Posted by: Jeremy Maddock | 2009-01-05 12:18:32 PM

A very high percentage of blacks and hispanics voted for proposition 8..people down there are screaming 'how could you?' you were oppressed once too!

Freedom for me but not for thee..

Posted by: Kursk | 2009-01-05 12:33:23 PM


Now you're getting close.

Is it a feeling of oppression that contributes to this irrational anger?

Marriage is a part of a much larger philosophical construct.

It's not like a buffet where people come up and say, I think I'll take marriage, but pass over the personal responsibility bit.

It's often the choices people make that cause a feeling of oppresion and everybody is responsible for their own choices.

After Socrates and Plato, there really was nowhere for philosophy to go.

None of these issues are new issues. It's just that those who feel oppressed really have not searched hard enough to find the answers that lead to a creation of inner peace.

Blacks and hispanics obviously know the difference between real and contrived oppression because they have developed a moral compass that tells them they are responsible for their own happiness and their own misery.

It's all a matter of attitude derived from a post ancient Greek philosophy.

Today's humanity has not even progressed as far as to understand those basic philosophies.

Nobody is entitled to respect from other human beings. Respect has to be earned.

Posted by: set you free | 2009-01-05 12:53:05 PM

Bob Barr repudiates Defense Of Marriage Act:


Posted by: Matthew Johnston | 2009-01-05 1:57:08 PM

Legalizing gay "marriage" would have been a recipe for disaster. As soon as it was codified into law the lawsuits against churches that did not wish to participate would have begun. We know this to be true because they have elsewhere.

Is the Libertarian Party taking a position in defense of gay marriage at the expense of religious liberty? It would appear so, especially when current laws arr already such that gay persons are already entitled to the same legal benefits as married persons.

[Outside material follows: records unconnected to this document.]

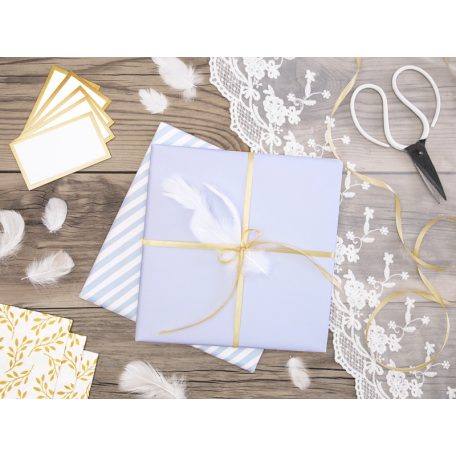 Szatén szalag világos arany 6mm/25m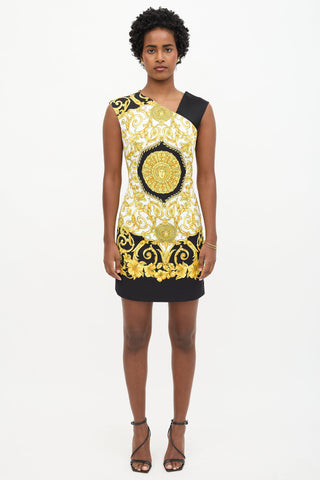 Versace Baroque Printed Dress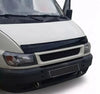 GLOSS BLACK BONNET WIND STONE PROTECTOR FOR FORD TRANSIT MK6 2000 - 2006 - Luxell Europe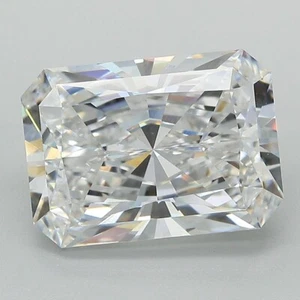 Radiant Cut 5.53 carat IGI Certified Lab Grown CVD Diamond E Color VS2 clarity - Picture 1 of 2
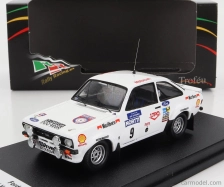 Trofeu Ford england Escort Mkii (nočná verzia) N 9 Rally 1000 Lakes 1976 A.vatanen - A.aho 1:43 Biela červená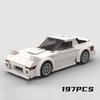 Technical Speed MOC Car City Super Rally Car Building Blocks Bricks Ornament Retro VintageToys For Kids Adults Birthday Gifts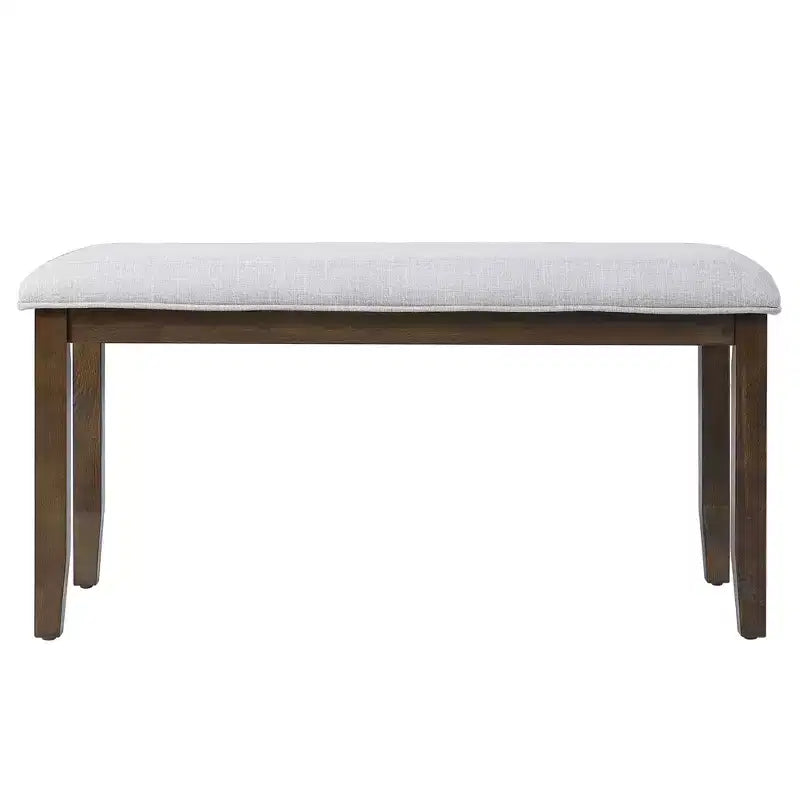TUYOHW 38 Banc ottoman moderne rembourré pour entrée avec pieds en bois, tabouret polyvalent pour salon, chambre, couloir
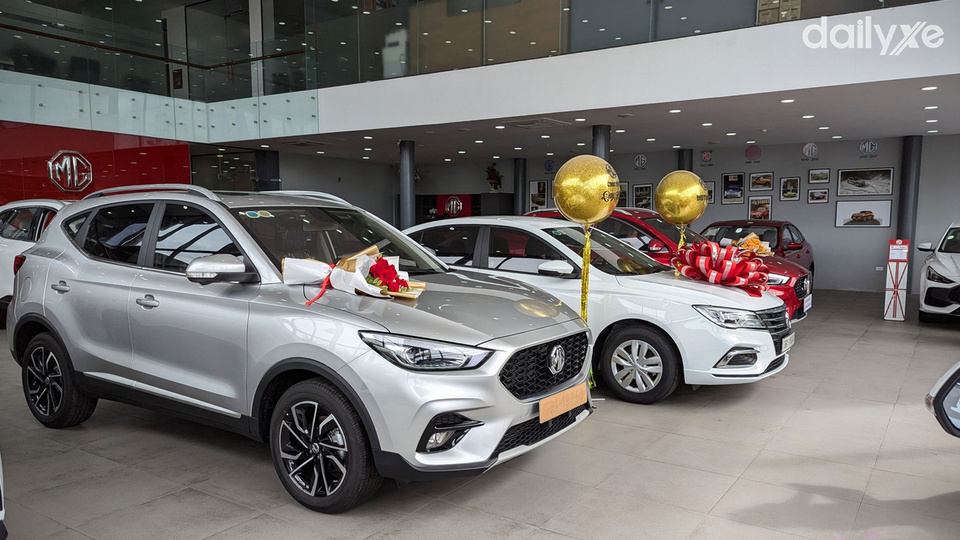 Phòng trưng bày xe của showroom MG Thái Nguyên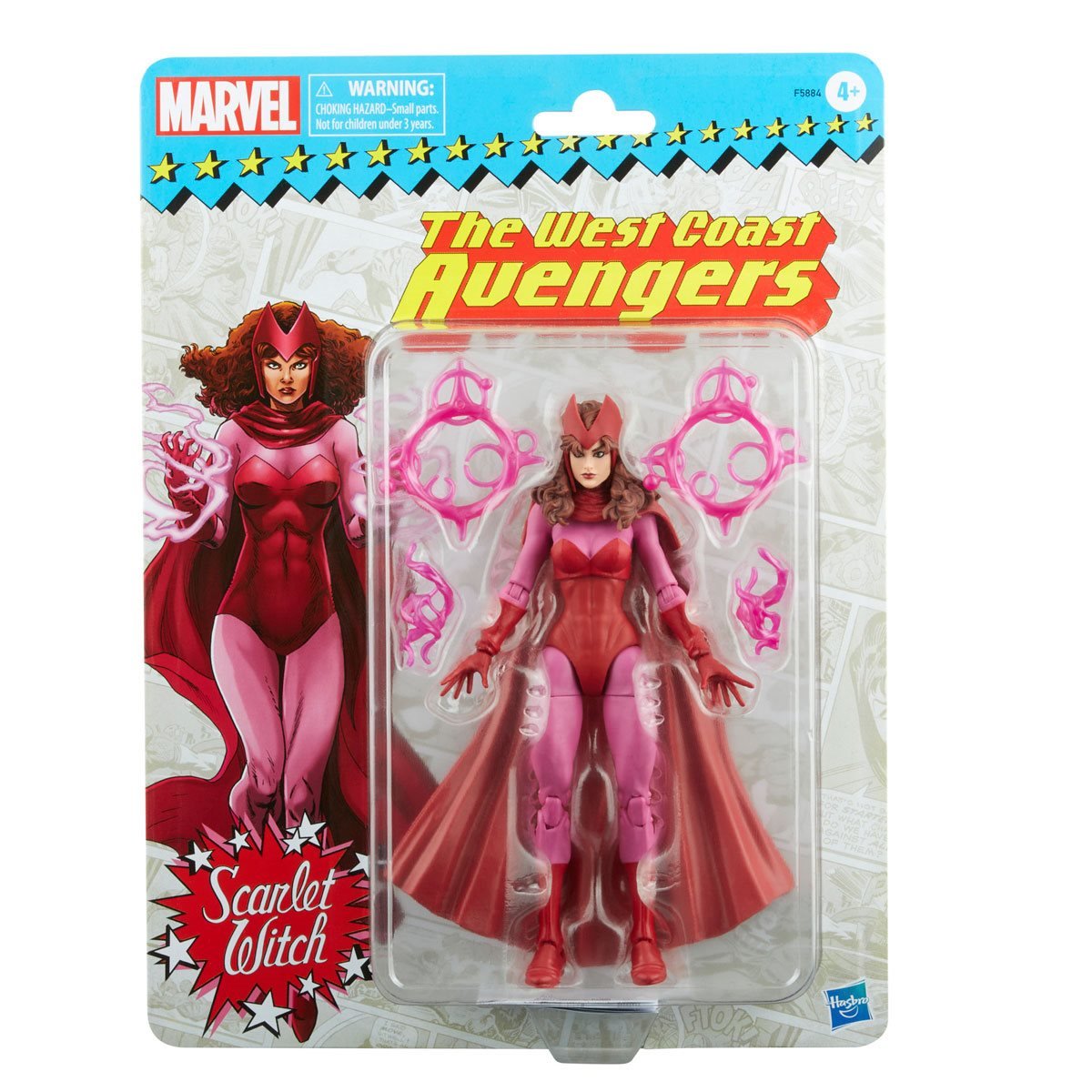 Scarlet Witch Retro Marvel Legends The West Coast Avengers F5884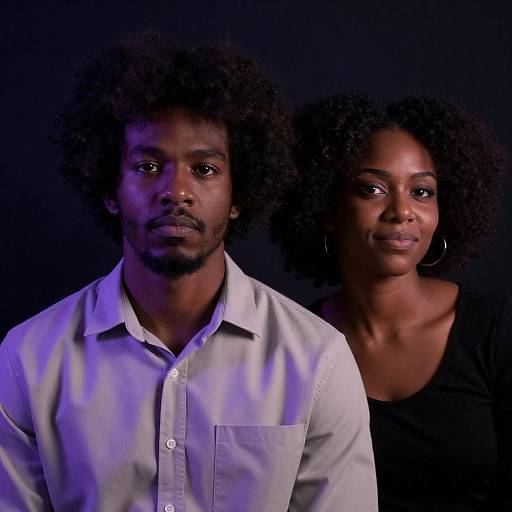 Intimate Portrait of a Black Couple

Posted by: Eric | 2009-01-05 11:02:58 PM

As with much of the opposition to Prop 8, we find ignorance at the core of the claim that gay people would or could attempt to force a religious institution to recognise their marriages. Here is a direct quote from the Californian Supreme Court decision which struck down the original ban on gay marriages:
“Finally, affording same-sex couples the opportunity to obtain the
designation of marriage will not impinge upon the religious freedom of any
religious organization, official, or any other person; no religion will be required to change its religious policies or practices with regard to same-sex couples, and no religious officiant will be required to solemnize a marriage in contravention of his or her religious beliefs.

Also from the decision:

“From the state’s inception, California law has treated the legal institution of civil marriage as distinct from religious marriage. Article XI, section 12 of the California Constitution of 1849 provided in this regard: “No contract of marriage, if otherwise duly made, shall be invalidated by want of conformity to the
requirements of any religious sect.” This provision is now set forth, in identical
language, in Family Code section 420, subdivision (c).”